# Lights



## d3tained (Sep 21, 2006)

Hi all.

I have 100 liter tank ( 26 gal ) with 56 watts in total giving me 2.1 WPG.I use C02 aswell as liquid fertz.

Now my question is do have have to add more lights to this setup?The plants are grwoing ok.

What would you guys recommend?

Thank you!


----------



## epicfish (Sep 11, 2006)

I'd bump it up to 3.5WPG if you can.

2x55w from AH Supply would give you 110watts over 26 gallons = 4.23 WPG. It's a tad high, but if you have a strict regiment of dosing/fertilizing and with good CO2, I assume you'll be fine.


----------



## trenac (Jul 16, 2004)

That depends on weather you want to stay with low light plants or go with higher light plants. If your plans include adding medium/high light plants then increased light will be needed.
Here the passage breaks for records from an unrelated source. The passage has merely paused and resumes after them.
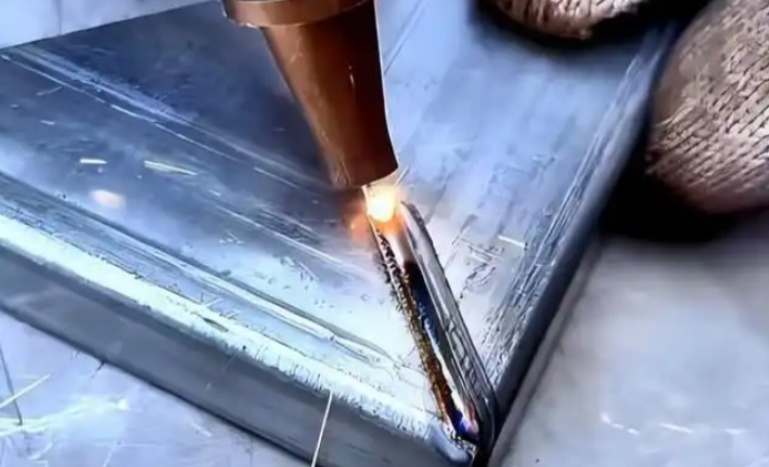 精密激光焊接機與光纖焊接機的區別在哪里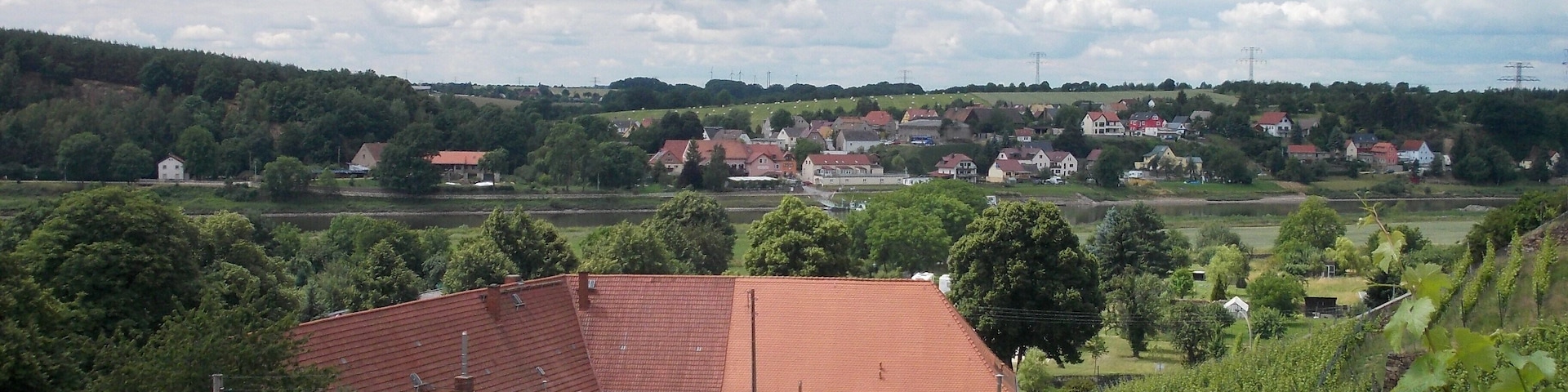 View from Schlossberg vineyard in Seusslitz (Nünchritz, Meissen district, Saxony), with the village of Niederlommatzsch in the background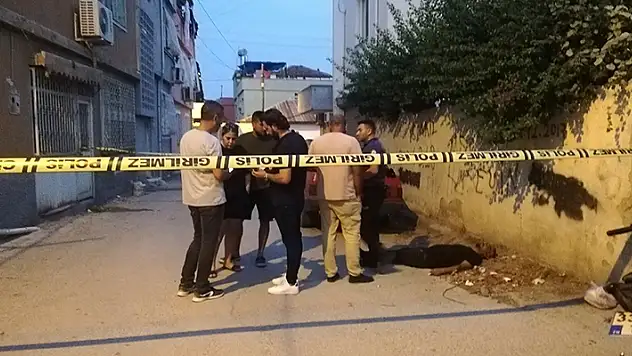 Mersin'de bir kişi tartıştığı 2 kadına tabancayla ateş edip kendini de vurdu: 2 ölü, 1 yaralı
I would stay under 4wpg and go with 90 to 100 watts of lighting.


----------



## Gomer (Feb 2, 2004)

you can grow plenty of plants in that light if the lights have a good reflector like the AHSupply kits or T5HO with parabolic reflectors. If NO lights with the typical "reflector"...or lack of...then you will be a little limited. Youc an grow must, just won't have the bright colors in the colorful plants (they will be more green)


----------



## d3tained (Sep 21, 2006)

Thx all.

Well ive got no idea what my plants light requirments are.Yes i do have build in reflecters.I will read up on my plants and see what the requirements are and then ajust accordingly.THX ALL!


----------